## About this exercise
Each line below from the line with "Prince Smart Inn Naha image" to the line with "Alan Baxter backdrop" must be copied exactly, including those two, and no picture may appear in the copy.

======== Data excerpts

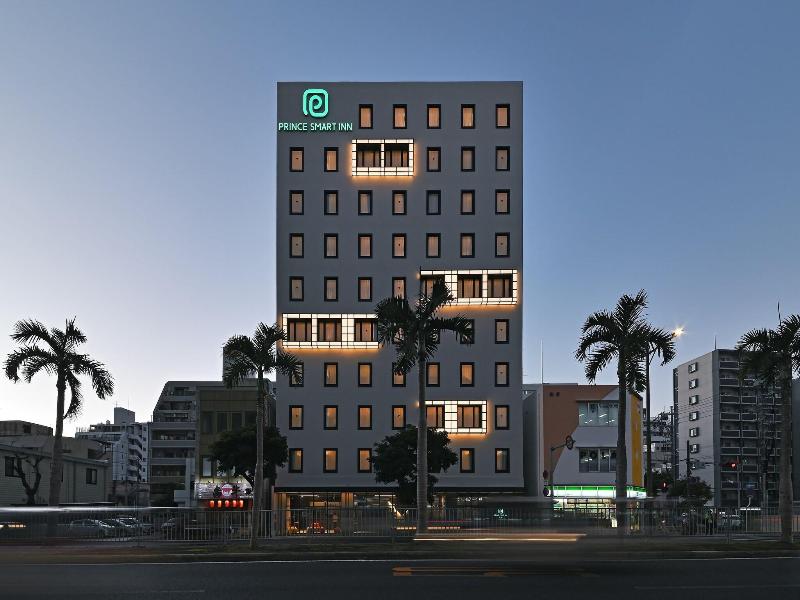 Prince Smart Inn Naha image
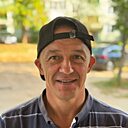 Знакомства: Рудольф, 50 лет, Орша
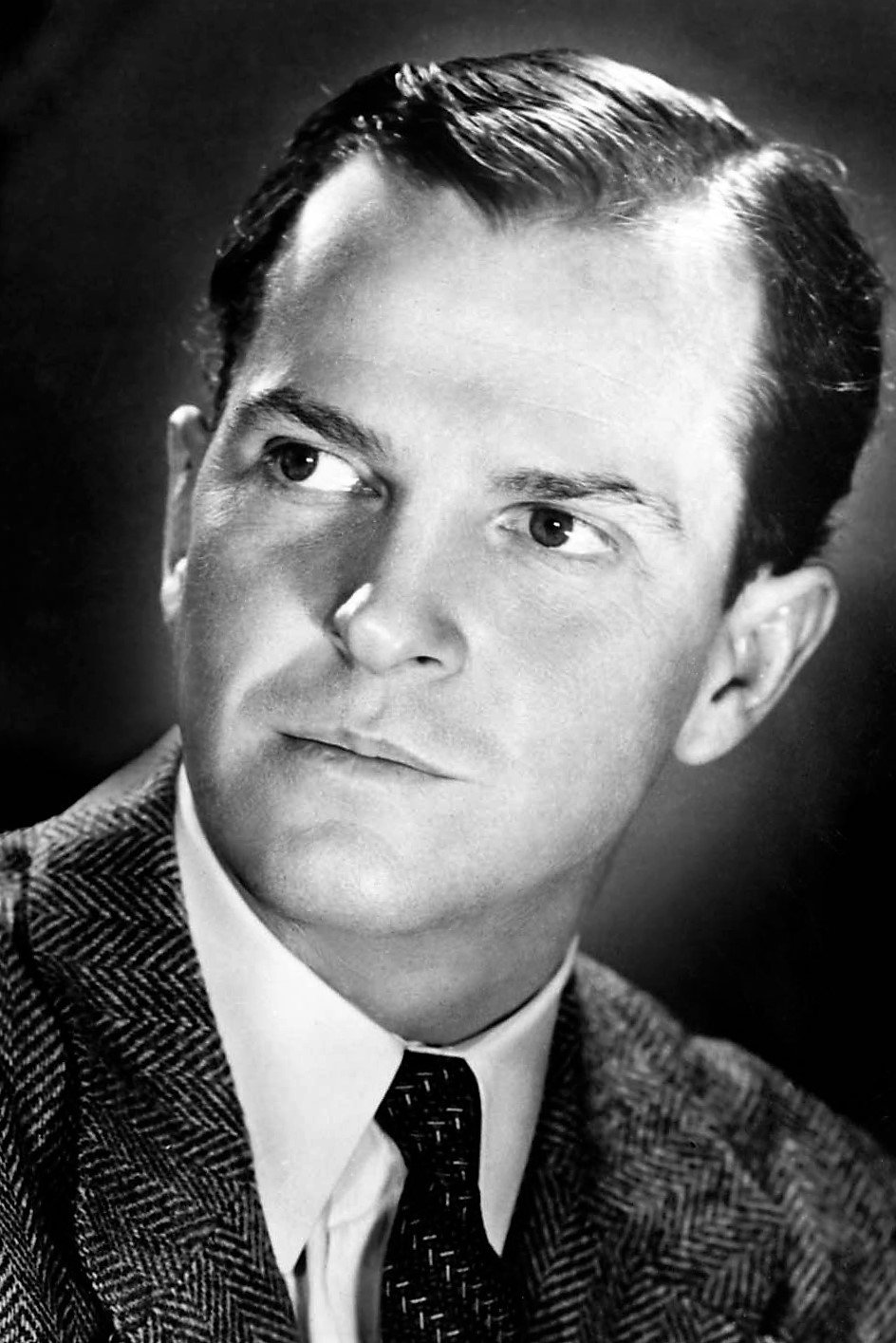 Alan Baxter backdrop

================
======== Data excerpts

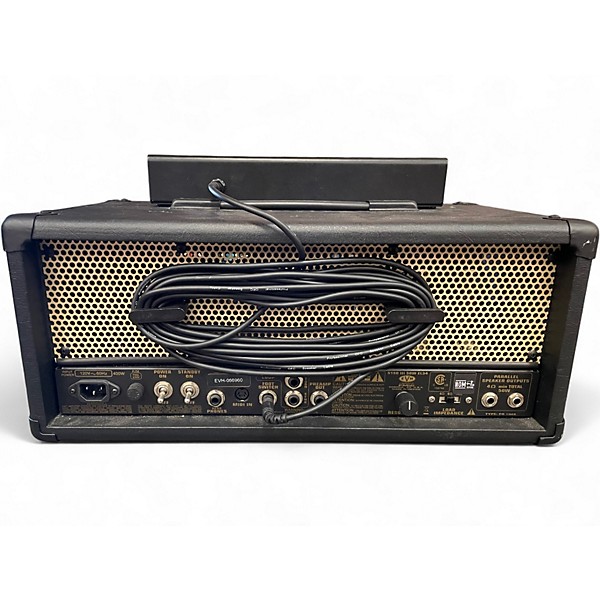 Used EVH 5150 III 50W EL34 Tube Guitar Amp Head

================

## Written answer
 Prince Smart Inn Naha image
 Знакомства: Рудольф, 50 лет, Орша
 Alan Baxter backdrop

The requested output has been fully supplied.